==== MATERIALS PROVIDED ====

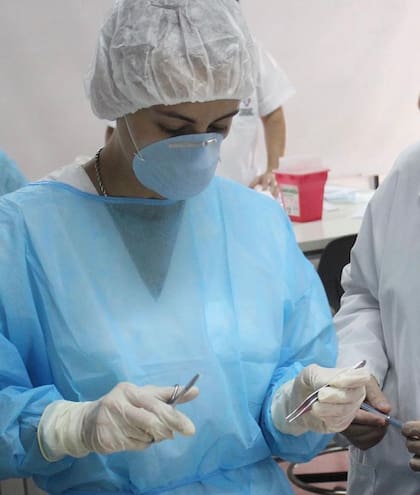 Hoy, a sus 27 y ya recibida de médica, homologa la donación de sangre a la de una célula reproductiva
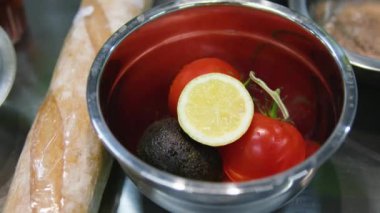 Sağlıklı salata malzemeleri. Domates avokado limonu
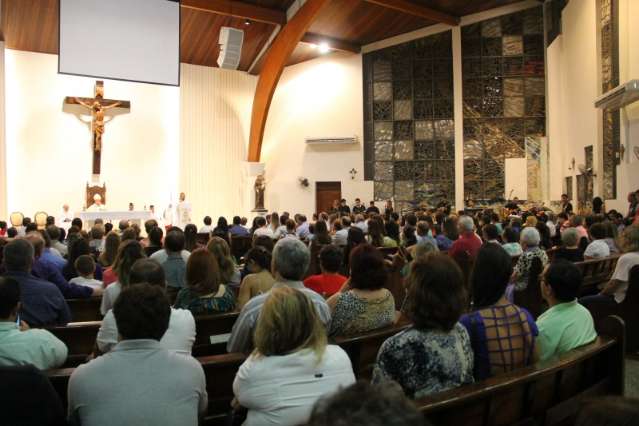 Fi&eacute;is celebram Missa de Lava-P&eacute;s para buscar humildade em &eacute;poca de crise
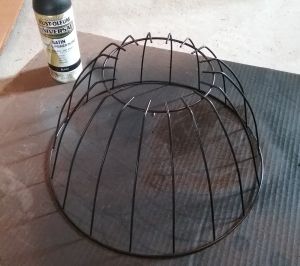 Chicken Wire Cloche Diy For Garden, Wire Garden Cloche, Upcycled Outdoor Decor, Diy Garden Cloche Ideas, Garden Cloche Diy, Chicken Wire Cloche Diy, Diy Cloche Ideas, Diy Cloche, Chicken Wire Cloche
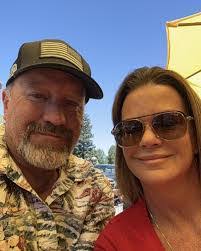 Michelle Hirsch's Instagram, Twitter & Facebook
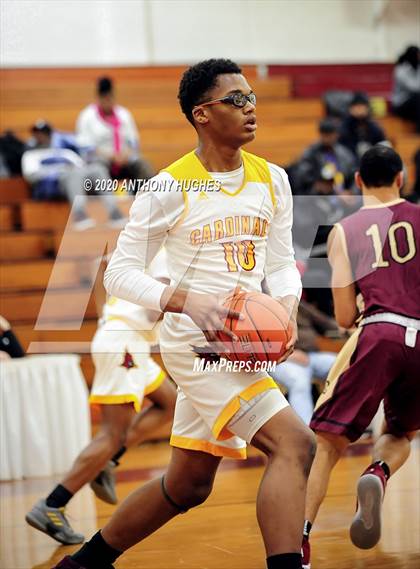 Thumbnail 2 in Brooklyn Collegiate vs. Cardinal Hayes (Apparel Challenge) photogallery.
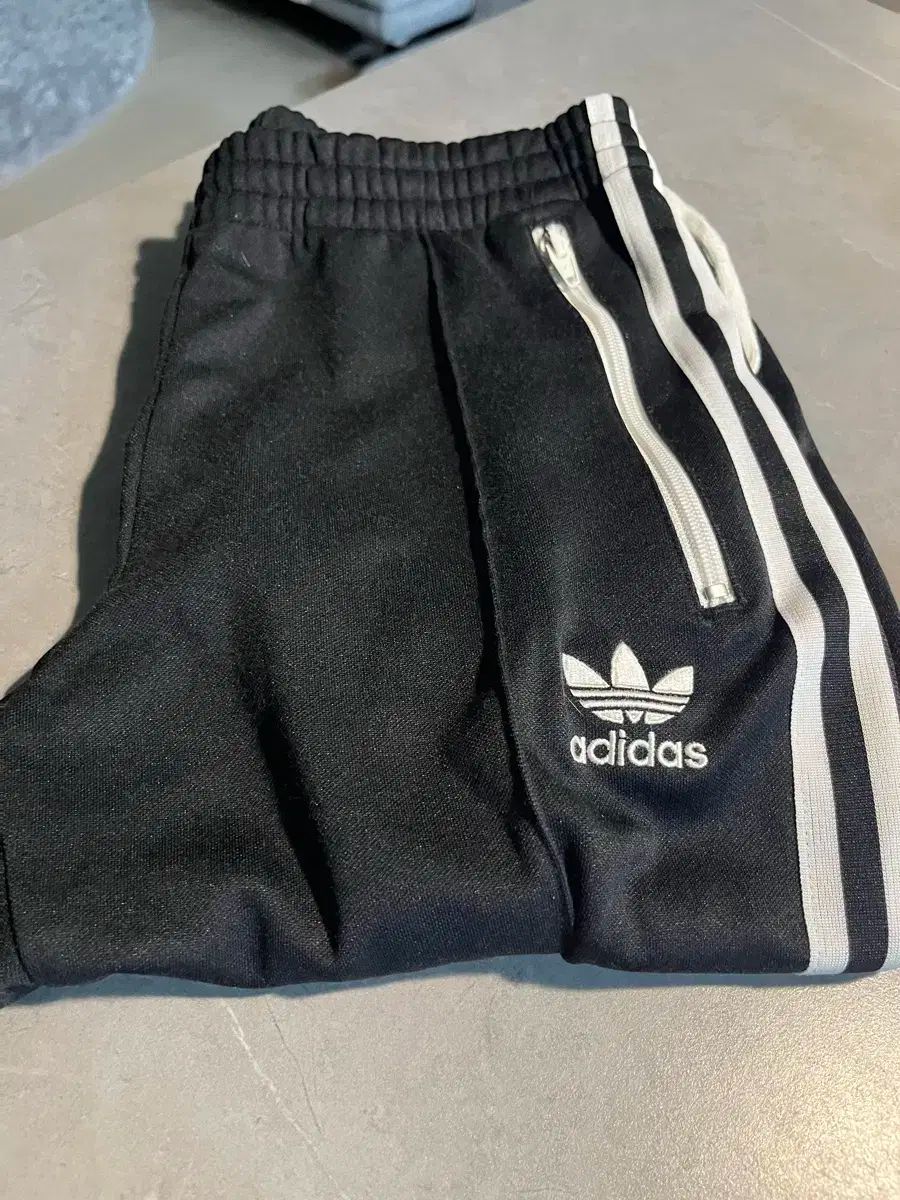 MORELIA NEO III JAPAN サッカーシューズ 25.5cm SOULEIADO ソレイアード オールインワン LIBERTY リバティ好きへ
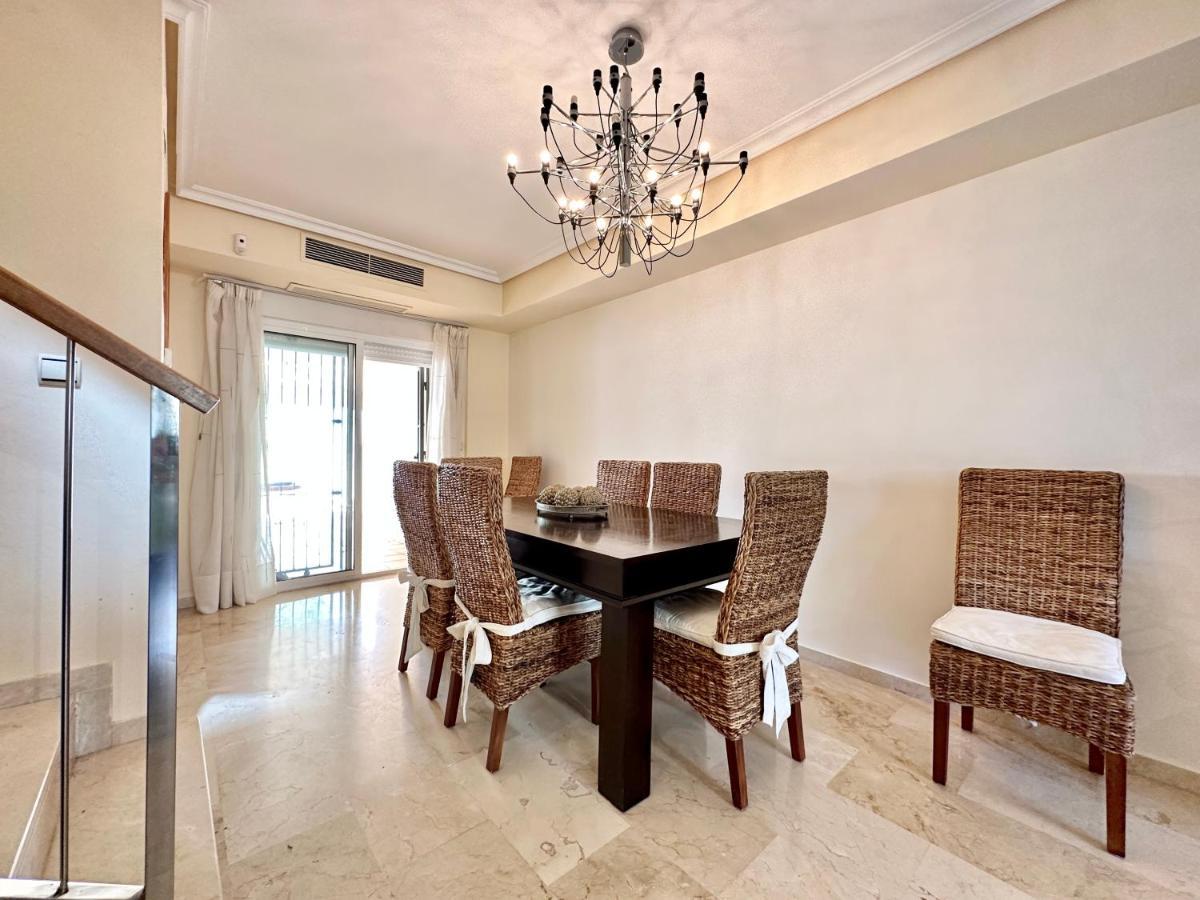 El Arenal Townhouse By The Beach With Swimming Pool - Eaw Homes Marbella Exterior photo
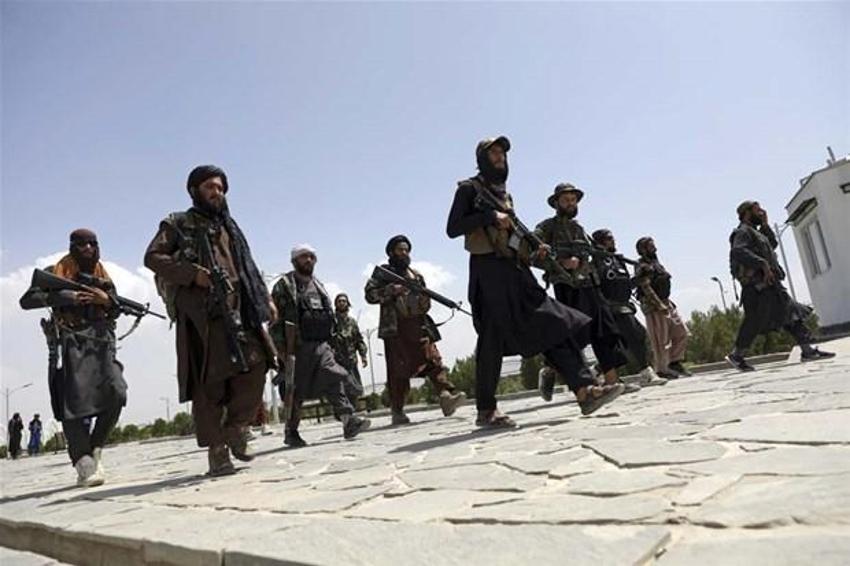 Afganistan'da dehşete düşüren son dakika gelişmesi! Taliban savaşçıları Amerikan askerleri üniformalarıyla...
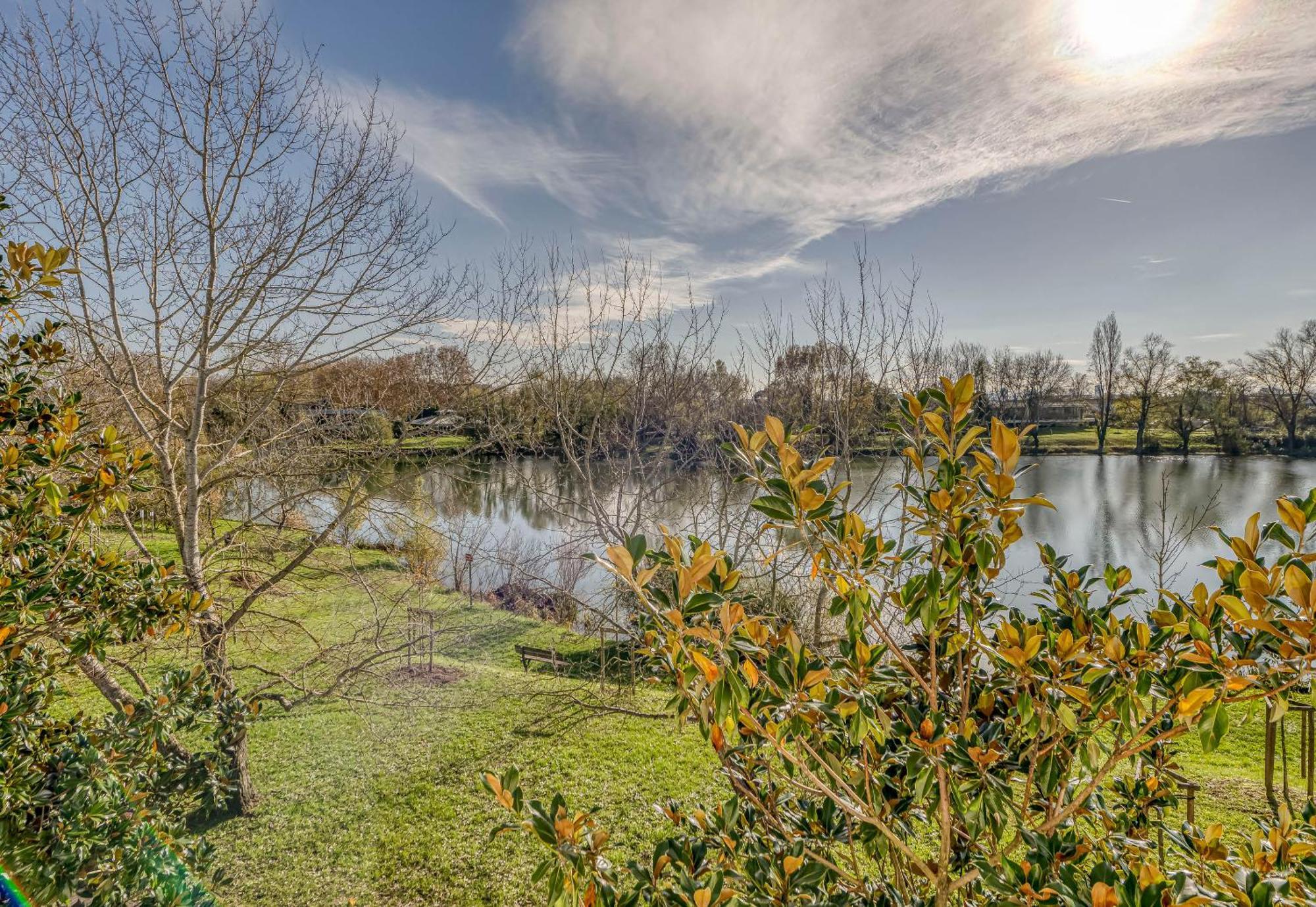 B&B Hotel Bordeaux Lac Sur Bruges Exteriör bild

====

Repeat each record as given. No picture belongs in the copy.

RESULT OF THE TASK:
 Hoy, a sus 27 y ya recibida de médica, homologa la donación de sangre a la de una célula reproductiva
 Sağlıklı salata malzemeleri. Domates avokado limonu
 Fi&eacute;is celebram Missa de Lava-P&eacute;s para buscar humildade em &eacute;poca de crise
 Chicken Wire Cloche Diy For Garden, Wire Garden Cloche, Upcycled Outdoor Decor, Diy Garden Cloche Ideas, Garden Cloche Diy, Chicken Wire Cloche Diy, Diy Cloche Ideas, Diy Cloche, Chicken Wire Cloche
 Michelle Hirsch's Instagram, Twitter & Facebook
 Thumbnail 2 in Brooklyn Collegiate vs. Cardinal Hayes (Apparel Challenge) photogallery.
 MORELIA NEO III JAPAN サッカーシューズ 25.5cm SOULEIADO ソレイアード オールインワン LIBERTY リバティ好きへ
 El Arenal Townhouse By The Beach With Swimming Pool - Eaw Homes Marbella Exterior photo
 Afganistan'da dehşete düşüren son dakika gelişmesi! Taliban savaşçıları Amerikan askerleri üniformalarıyla...
 B&B Hotel Bordeaux Lac Sur Bruges Exteriör bild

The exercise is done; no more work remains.